> _Material for this task_
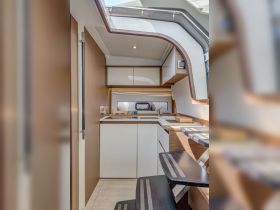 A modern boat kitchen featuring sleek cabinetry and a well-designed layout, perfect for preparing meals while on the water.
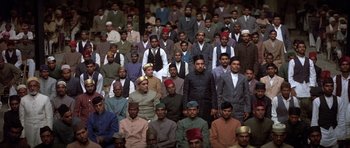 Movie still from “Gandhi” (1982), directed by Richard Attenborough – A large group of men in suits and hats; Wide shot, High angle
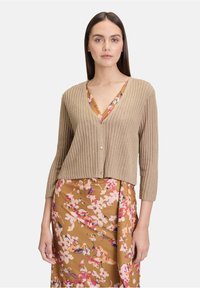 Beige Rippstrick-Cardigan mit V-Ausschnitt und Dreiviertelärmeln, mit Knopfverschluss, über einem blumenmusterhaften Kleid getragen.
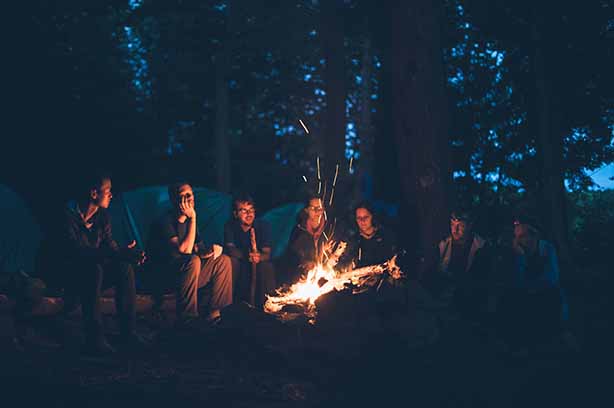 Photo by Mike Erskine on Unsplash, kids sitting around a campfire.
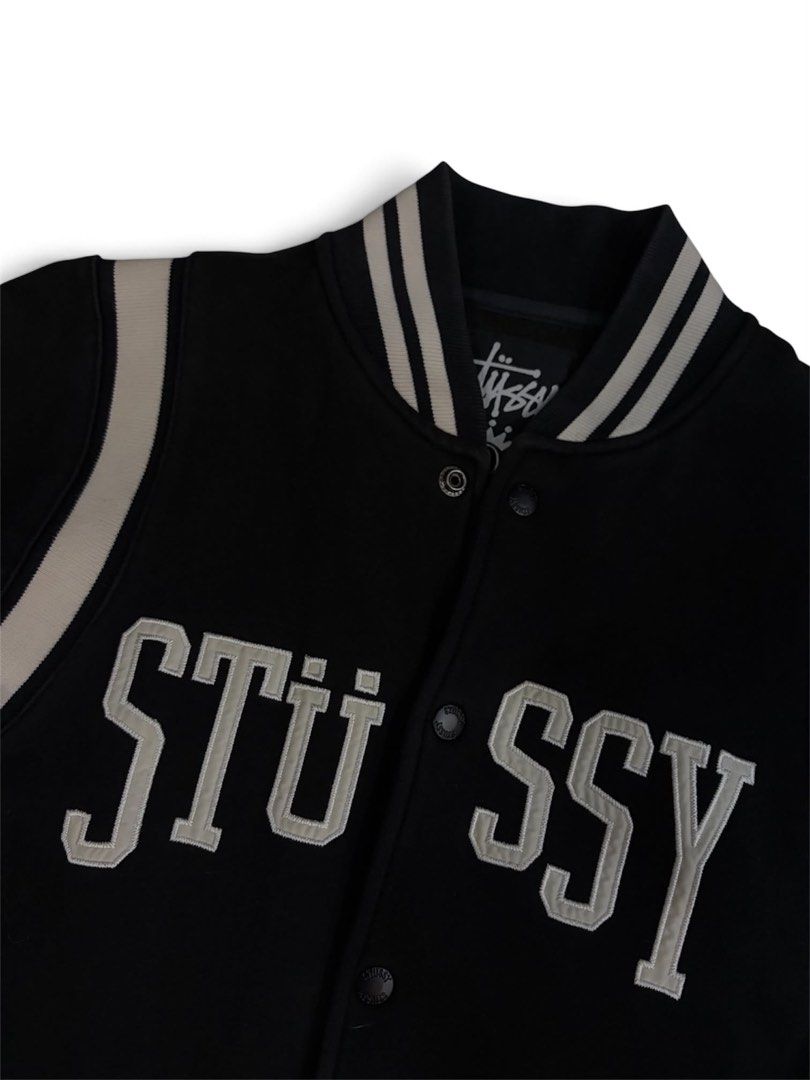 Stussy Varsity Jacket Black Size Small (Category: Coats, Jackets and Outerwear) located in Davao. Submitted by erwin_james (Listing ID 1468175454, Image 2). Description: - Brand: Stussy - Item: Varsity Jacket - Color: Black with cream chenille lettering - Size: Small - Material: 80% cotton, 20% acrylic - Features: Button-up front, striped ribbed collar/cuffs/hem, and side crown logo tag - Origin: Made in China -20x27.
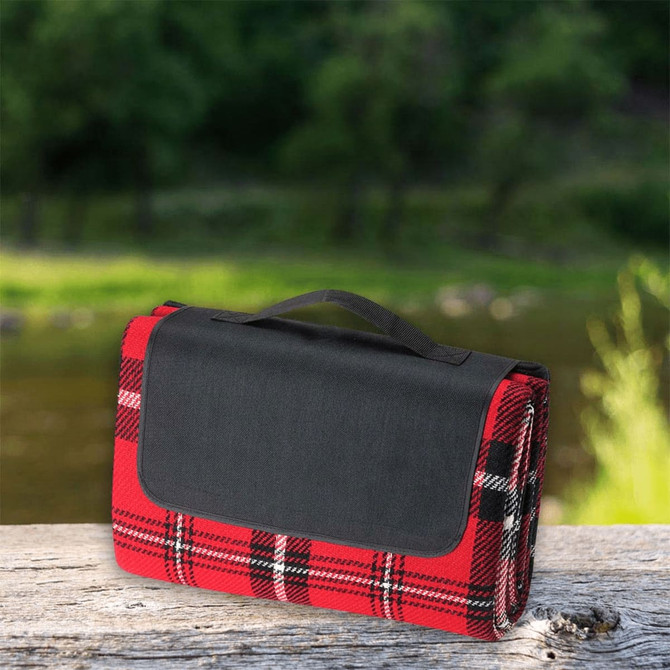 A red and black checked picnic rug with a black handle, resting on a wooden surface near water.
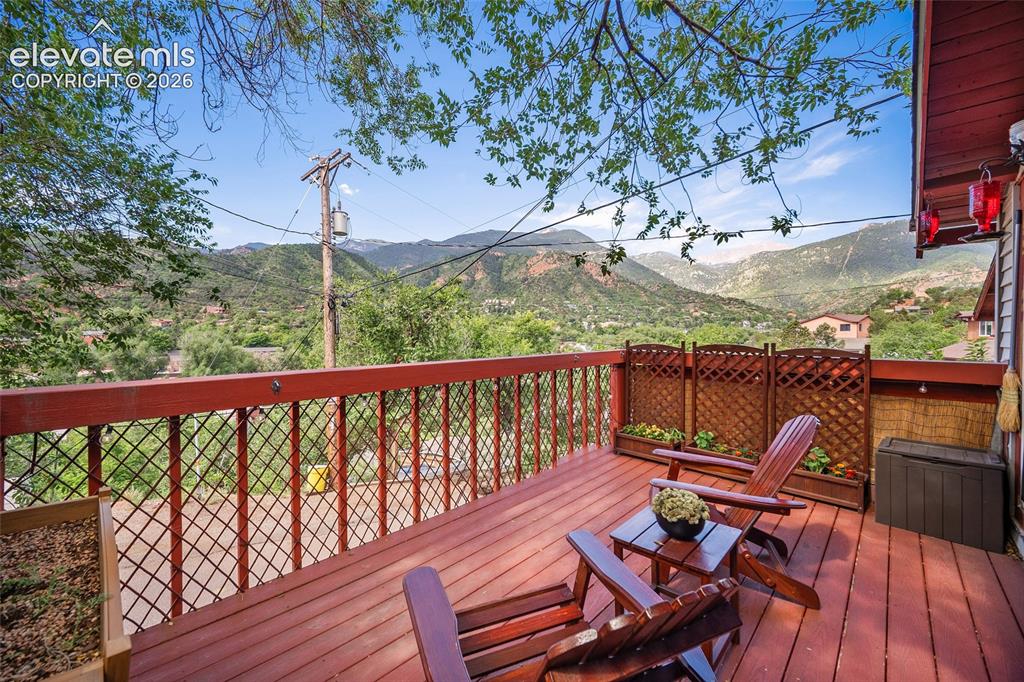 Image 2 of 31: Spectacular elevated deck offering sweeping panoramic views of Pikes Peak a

> _What the task requires_
When you set down the records above, copy every line exactly and exclude the pictures.

> _Answer to the exercise_
 A modern boat kitchen featuring sleek cabinetry and a well-designed layout, perfect for preparing meals while on the water.
 Movie still from “Gandhi” (1982), directed by Richard Attenborough – A large group of men in suits and hats; Wide shot, High angle
 Beige Rippstrick-Cardigan mit V-Ausschnitt und Dreiviertelärmeln, mit Knopfverschluss, über einem blumenmusterhaften Kleid getragen.
 Photo by Mike Erskine on Unsplash, kids sitting around a campfire.
 Stussy Varsity Jacket Black Size Small (Category: Coats, Jackets and Outerwear) located in Davao. Submitted by erwin_james (Listing ID 1468175454, Image 2). Description: - Brand: Stussy - Item: Varsity Jacket - Color: Black with cream chenille lettering - Size: Small - Material: 80% cotton, 20% acrylic - Features: Button-up front, striped ribbed collar/cuffs/hem, and side crown logo tag - Origin: Made in China -20x27.
 A red and black checked picnic rug with a black handle, resting on a wooden surface near water.
 Image 2 of 31: Spectacular elevated deck offering sweeping panoramic views of Pikes Peak a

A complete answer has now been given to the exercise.